Primeiro, o alvo foram as inspeções e operações de manutenção, e a suposta ausência destas, depois, confirmada a sua existência, passou a ser a qualidade das mesmas, ou falta dela, a serem apontadas como justificação para o triste acontecimento.
Logo a seguir vieram as teorias da conspiração radicadas em preconceitos ideológicos derivados da externalização desses serviços, teorias estas muito influenciadas pelas forças sindicais que assim viram uma oportunidade de combater o despotismo do sistema capitalista.
De seguida, veio a análise aos contratos de manutenção, onde a redução do custo global com esses serviços foi apresentado como uma forma de desleixo e incúria e nunca visto da perspetiva de eficiência e maior controle na gestão desses custos.

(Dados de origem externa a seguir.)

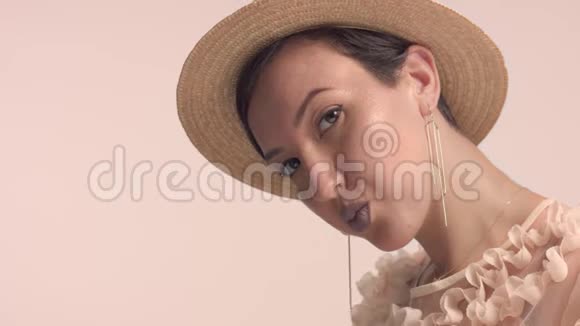 一位年轻的摩洛哥妇女戴着一顶帽子化妆为单色视频的预览图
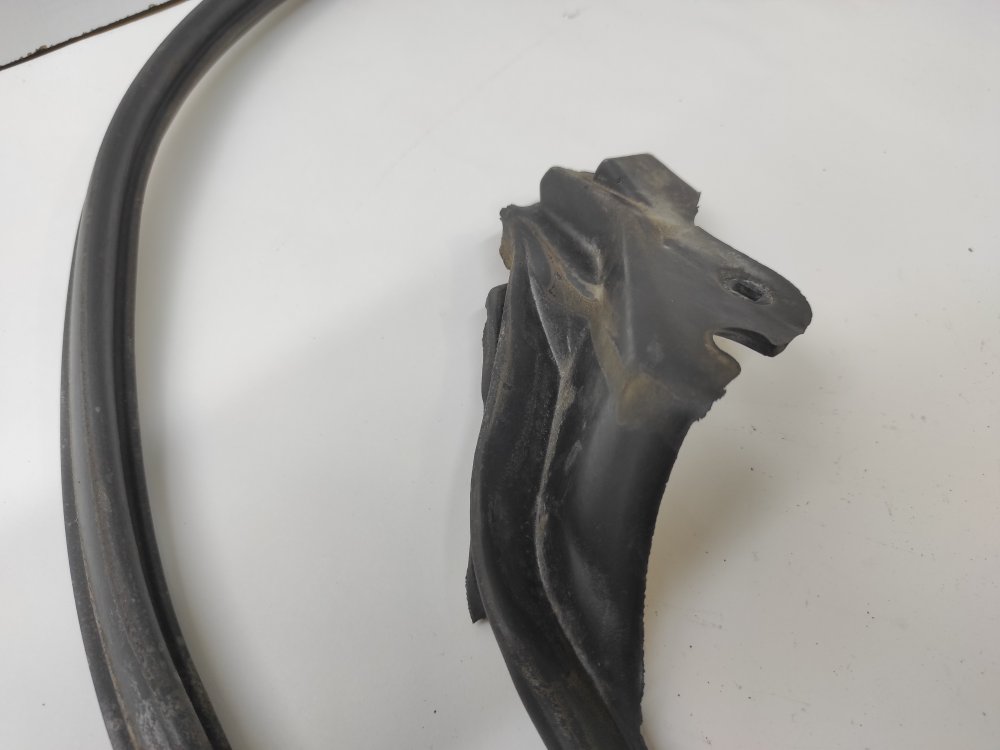 Уплотнительная резинка боковой двери задняя левая toyota mark2 JZX90 1JZGE Уплотнительная резинка боковой двери задняя левая toyota mark2 JZX90 1JZGE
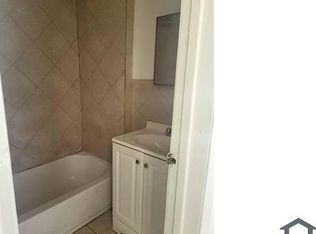 160 W Sandford Blvd #A, Mount Vernon, NY 10550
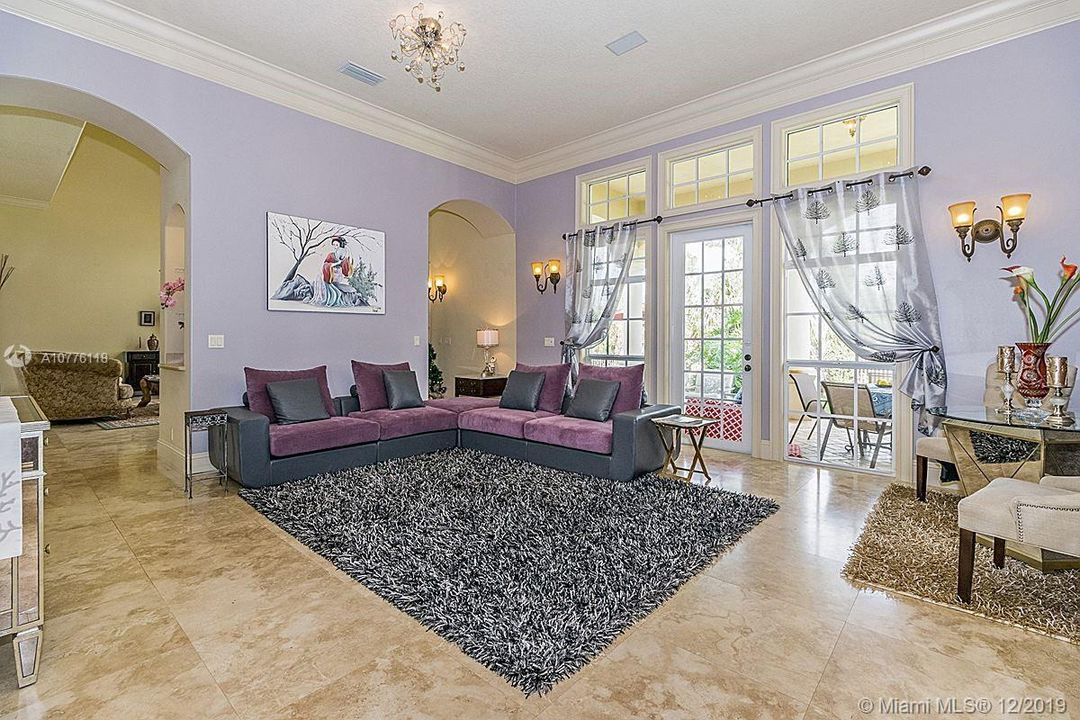 Recently Rented: $6,000 (5 beds, 5 baths, 4810 Square Feet)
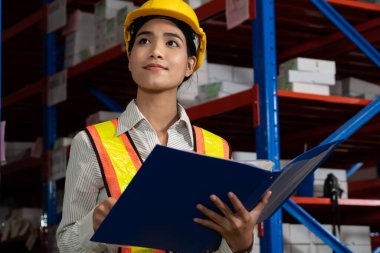 Depoda çalışan kadın bir depo işçisi.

Neste último caso importa referir que todas as manutenções e inspeções obedecem a um conjunto de regras e procedimentos que são obrigatórios de cumprir, sob pena de retirada de competências profissionais a quem as executa, isto caso não as cumpra.
Pois bem caros leitores, para mim tudo se ficou a dever a uma coisa muito mais simples, o acidente ocorrido no elevador da Glória deveu-se à incapacidade de compatibilizar a utilização de um monumento nacional, construído para dar resposta a um determinado nível de utilização, face à exponencial utilização decorrente do turismo.
O desgaste a que tal estrutura passou a ser sujeita, e o esforço que sobre a mesma incidia, não é, nem nunca foi, compatível com o peso da história da engenharia mecânica que sobre si recaia.
A Preservação da história implica respeito pela mesma, e uma das formas de respeito é saber quais os limites da utilização e acesso à mesma.
Prevenir acidentes como o do elevador da Glória, isto se o quisermos manter como monumento nacional, implica repensar todo o modelo de atividade turística para o nosso País, e sobre isto tenho as maiores dúvidas que venha ser feito, afinal há muito que deixámos de ter outros setores de atividade verdadeiramente competitivos e passámos a ser um espaço de mera prestação de serviços!
Espero que as vidas perdidas na Calçada da Glória não tenham sido em vão.